---------- DATA SEGMENT
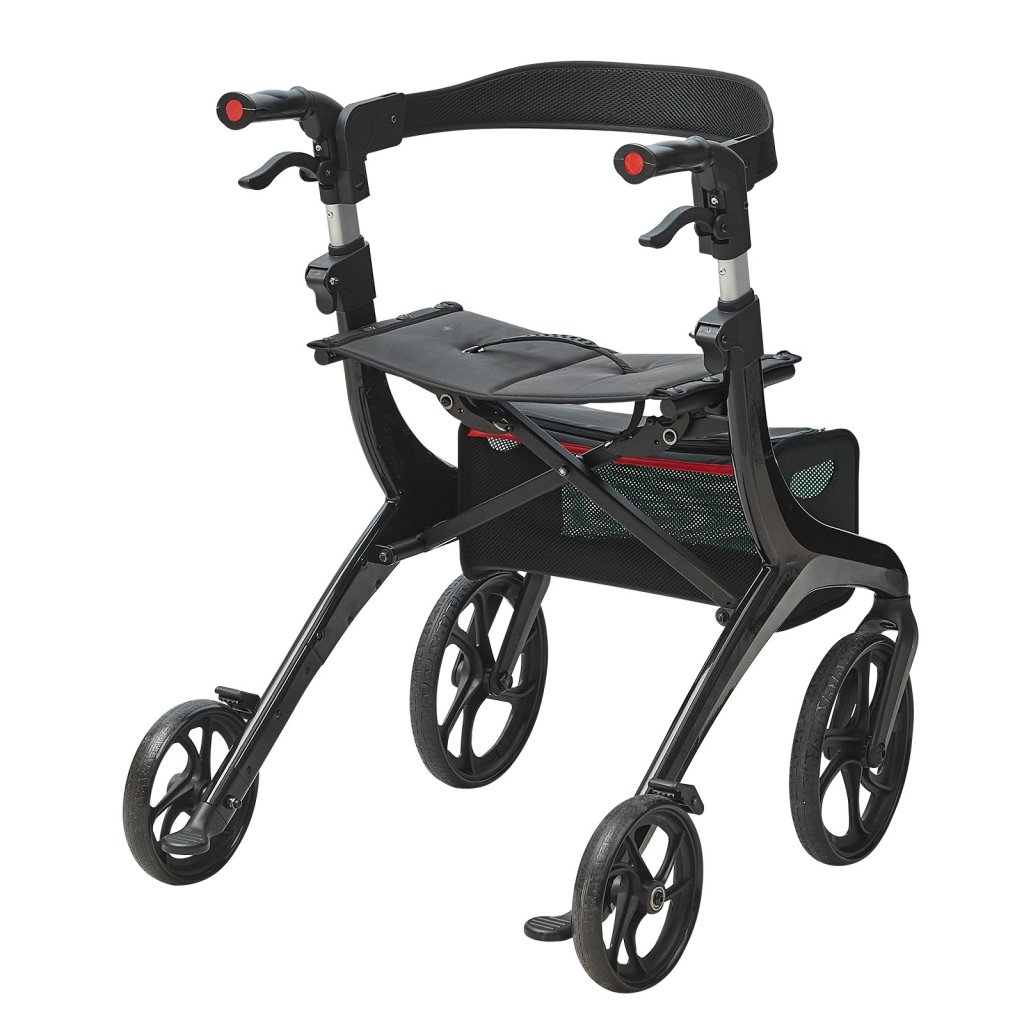 21763_us-xszxqckjlq10eg5vzv0-original-img-v1-rollator-walker-m100-11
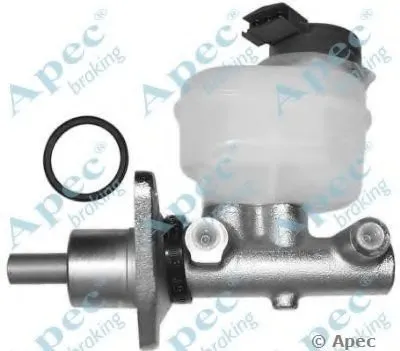 целиндер ручного тормоза APEC braking купить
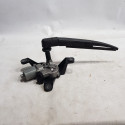 Motor Limpador Traseiro Chevrolet Tracker 2021  K127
--------------------
◆ WHAT IS NEEDED
Exclude the images and reproduce the remaining data exactly.

◆ SOLUTION TO THIS EXERCISE
 21763_us-xszxqckjlq10eg5vzv0-original-img-v1-rollator-walker-m100-11
 целиндер ручного тормоза APEC braking купить
 Motor Limpador Traseiro Chevrolet Tracker 2021  K127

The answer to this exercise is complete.